“Pagine dal fronte”. Un romanzo e una domanda: perché scrivere?
di Lorenzo Carpanè
Nella Bohème di Puccini, Rodolfo così spiega a Mimì il suo mestiere: “Che cosa faccio? Scrivo. E come vivo? Vivo”.
Parto da qui non per raccontare di questo mio libro, Pagine dal fronte (Alpine Studio, 2020), che certo, mi auguro che voi lettori leggiate. Ma per ragionare con voi sul significato dello scrivere.

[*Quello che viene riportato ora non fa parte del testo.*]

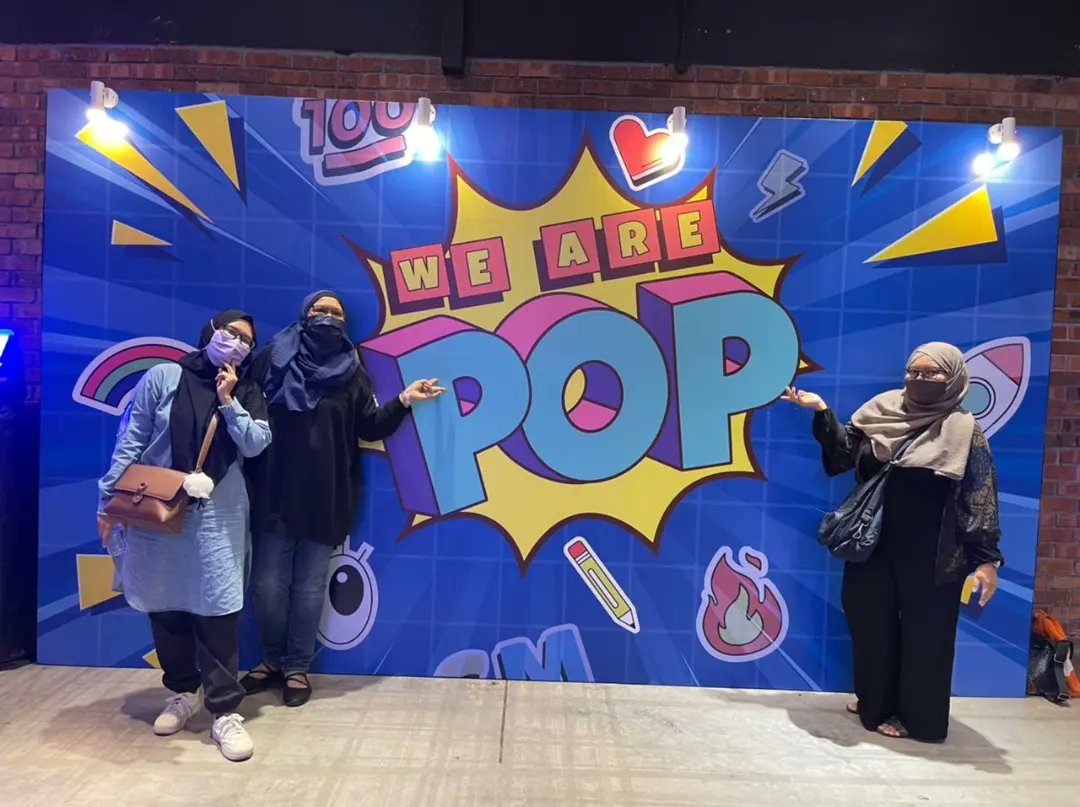 Walaupun tak nampak muka, tapi muka-muka ni memang pantang lepak mana-mana acara. Mesti ada je idea timbul.

Tag : rakan subahat <a href="/emilayusof/">Emila Yusof</a>  dan <a href="/YanYahaya/">SakuraInWinter</a>

#nft #pentas #pentasian #pentasiansupportpentasian
#WeArePOP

Ve lo confesso, mentre scrivevo me lo sono chiesto in svariate occasioni. E me lo chiedo di nuovo ogni volta che, come ha fatto la giornalista del “Corriere”, qualcuno mi pone lo stesso interrogativo. Con il doppio significato della congiunzione ‘perché’: come causa e come fine.
Le risposte sono molte, tenuto conto anche della natura di questo libro: una narrazione che parte dai racconti che mio padre faceva a me quando ero bambino. E quindi immaginate il carico di emozioni che si porta dietro.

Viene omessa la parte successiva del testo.